Archive for the 'Customer Success' Category

Jul 01 2008

iRise Tailor-Made for Custom Pitching

This morning we shared some success on a new customer, ePrize, a 350+ person interactive promotions company that works with such household names as Sony, Yahoo! and American Express to extend their brand through online promotions. That story speaks about how ePrize leveraged iRise’s visualization software to pitch new business (in this case, it was a major social networking platform whose name we can’t disclose).  As experts in developing interactive promotions for clients, they wanted to paint a picture of the kinds of branded online promotions they could develop and proactively answer the usual client question, “What’s it gonna look like?”

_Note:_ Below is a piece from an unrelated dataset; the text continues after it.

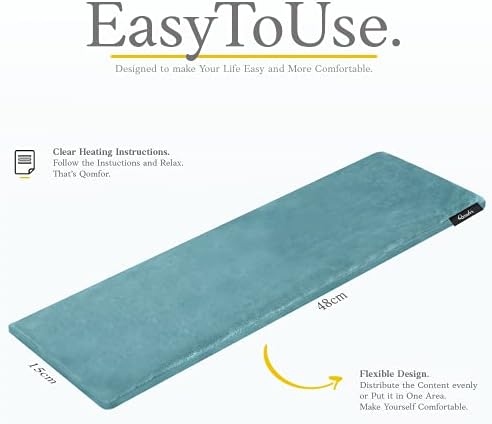 Qomfor Microwave Heating Pad - Large Microwavable Wheat Bag Heat Pack for Neck and Shoulders, Pain Relief, Back Pain, Arthritis, Period Cramps - Reusable Lavender Heating Pad (Green Blue)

ePrize turned to iRise because of its ability to deliver a life-like representation of what could be built, even before coding.  ePrize was able to meet a tight turnaround time to deliver the pitch by rapidly creating high fidelity mock-ups of several promotion concepts.  The bottom line is they won the business hands-down.  By using iRise, ePrize cited a 25% improvement in time savings not to mention the elimination of rework. 

On a related note, ePrize team members are active in Catalyze, a community offering content and discussion for user experience (UX), business analyst (BA) and product management professionals, amongst others.  The site also offers an iRise-only section.

To read about another interactive agency’s use of iRise, check out the story on ad2.  iRise’s customer success story page can be found here, and showcases companies in other industries who use visualization to communicate concept vision to their clients such as Digital Insight and a major insurance carrier (name cannot be disclosed).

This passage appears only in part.